About this exercise: When you reach the line with "Le 22 janvier" in the data below, begin printing lines exactly, and stop once the line with "Numéro de reportage" has been printed.

Input:
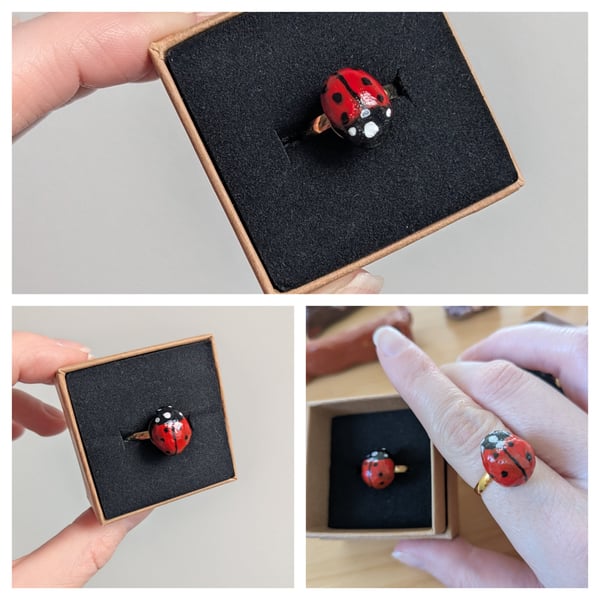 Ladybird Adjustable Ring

...

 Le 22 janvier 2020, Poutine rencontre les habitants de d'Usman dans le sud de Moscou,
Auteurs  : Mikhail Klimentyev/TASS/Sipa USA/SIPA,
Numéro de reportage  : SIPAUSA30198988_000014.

Response below:
 Le 22 janvier 2020, Poutine rencontre les habitants de d'Usman dans le sud de Moscou,
Auteurs  : Mikhail Klimentyev/TASS/Sipa USA/SIPA,
Numéro de reportage  : SIPAUSA30198988_000014.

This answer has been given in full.